| SUPPLIED RECORDS |
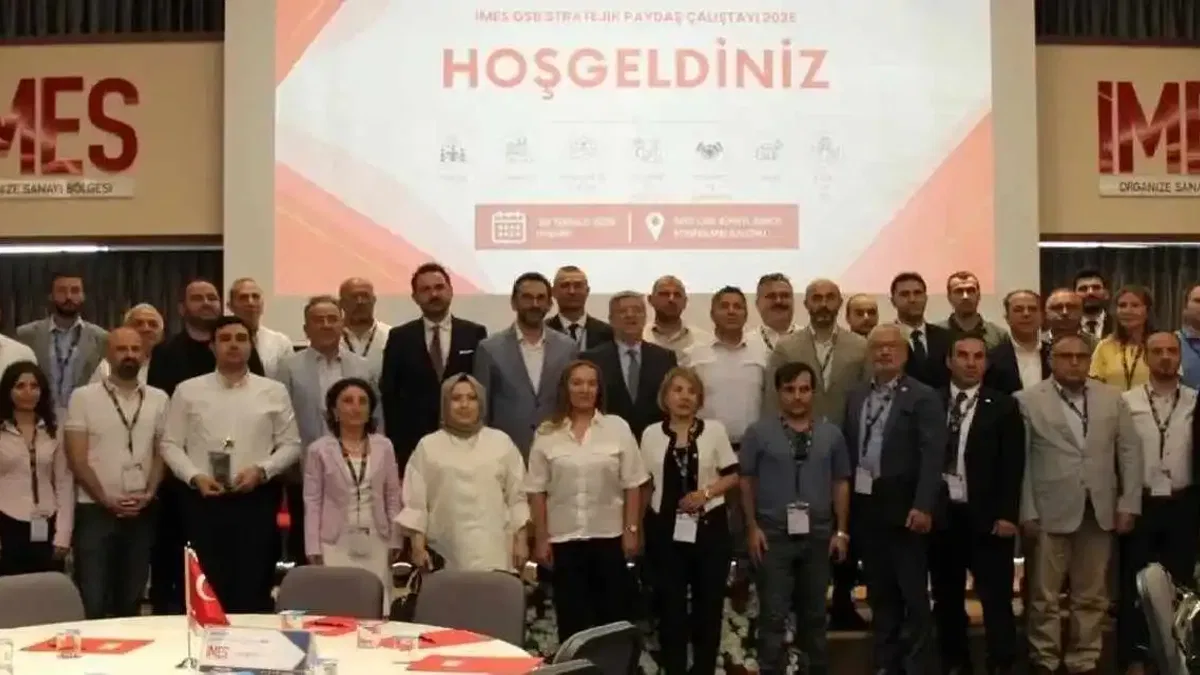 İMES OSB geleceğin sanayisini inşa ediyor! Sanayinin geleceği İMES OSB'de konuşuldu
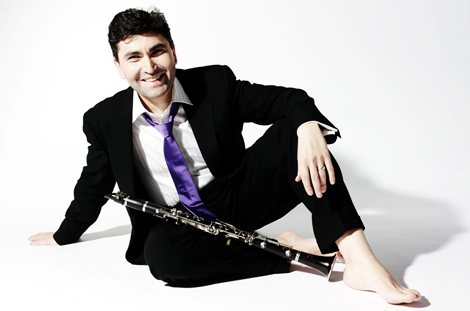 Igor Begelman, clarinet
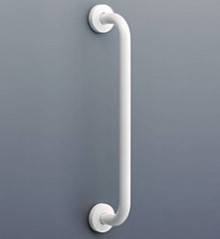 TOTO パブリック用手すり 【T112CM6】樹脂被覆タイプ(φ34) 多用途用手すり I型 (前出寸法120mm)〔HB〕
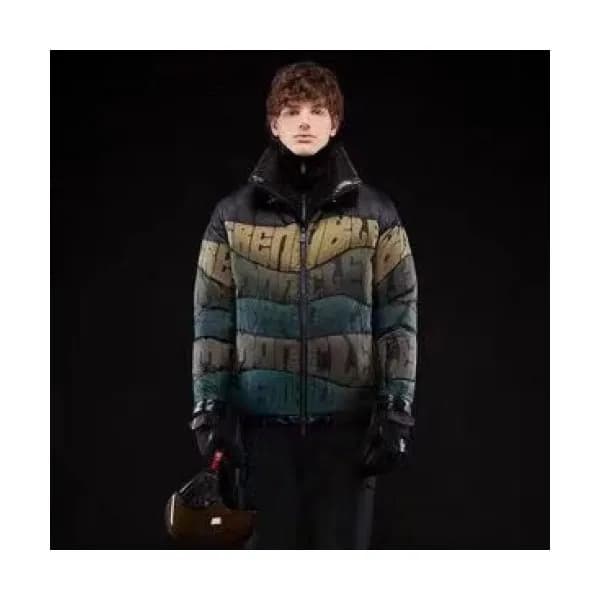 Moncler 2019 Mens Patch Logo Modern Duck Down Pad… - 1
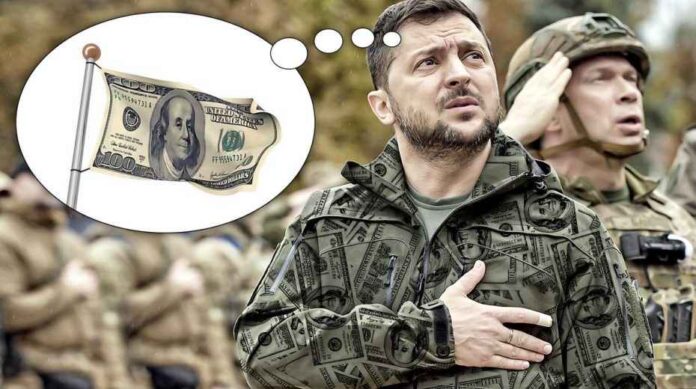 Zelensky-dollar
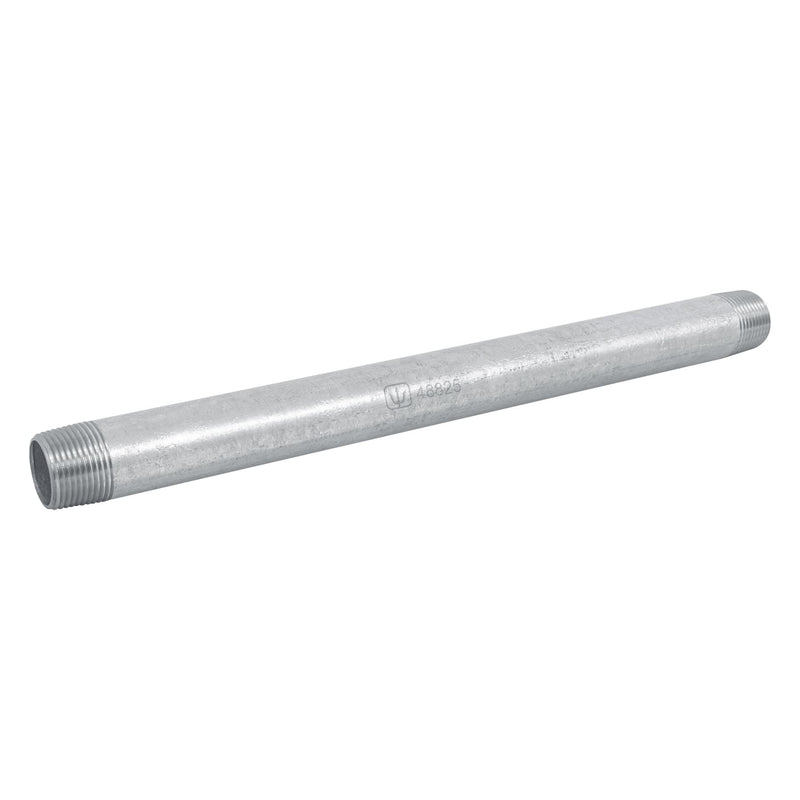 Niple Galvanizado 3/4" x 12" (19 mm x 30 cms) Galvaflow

==

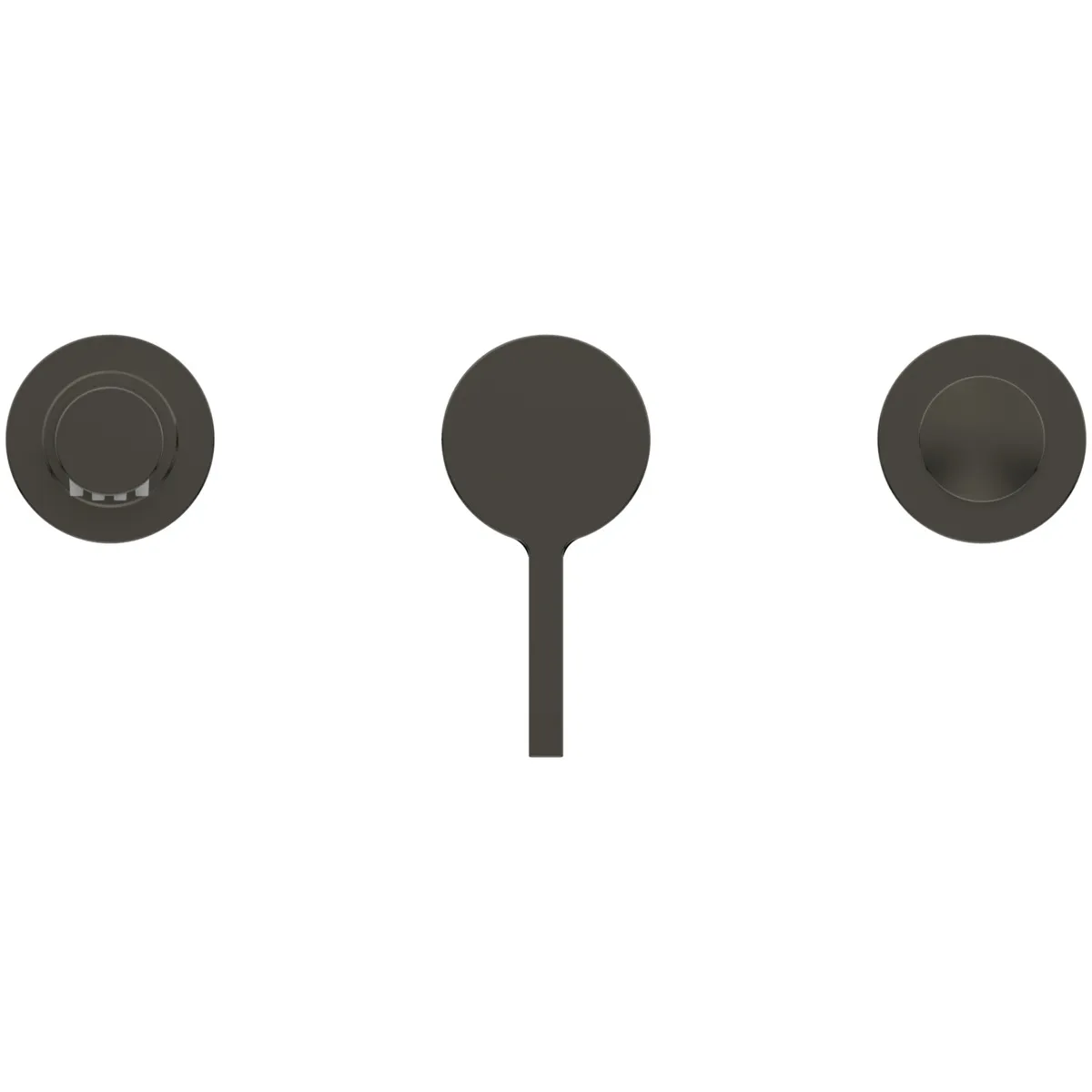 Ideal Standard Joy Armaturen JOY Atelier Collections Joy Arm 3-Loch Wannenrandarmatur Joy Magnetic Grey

| PROBLEM TO SOLVE |
Your answer must be the exact lines from the records above, from the one containing "Igor Begelman, clarinet" through the one containing "30 cms) Galvaflow", both included, with every picture left out.

| PROBLEM SOLUTION |
 Igor Begelman, clarinet
 TOTO パブリック用手すり 【T112CM6】樹脂被覆タイプ(φ34) 多用途用手すり I型 (前出寸法120mm)〔HB〕
 Moncler 2019 Mens Patch Logo Modern Duck Down Pad… - 1
 Zelensky-dollar
 Niple Galvanizado 3/4" x 12" (19 mm x 30 cms) Galvaflow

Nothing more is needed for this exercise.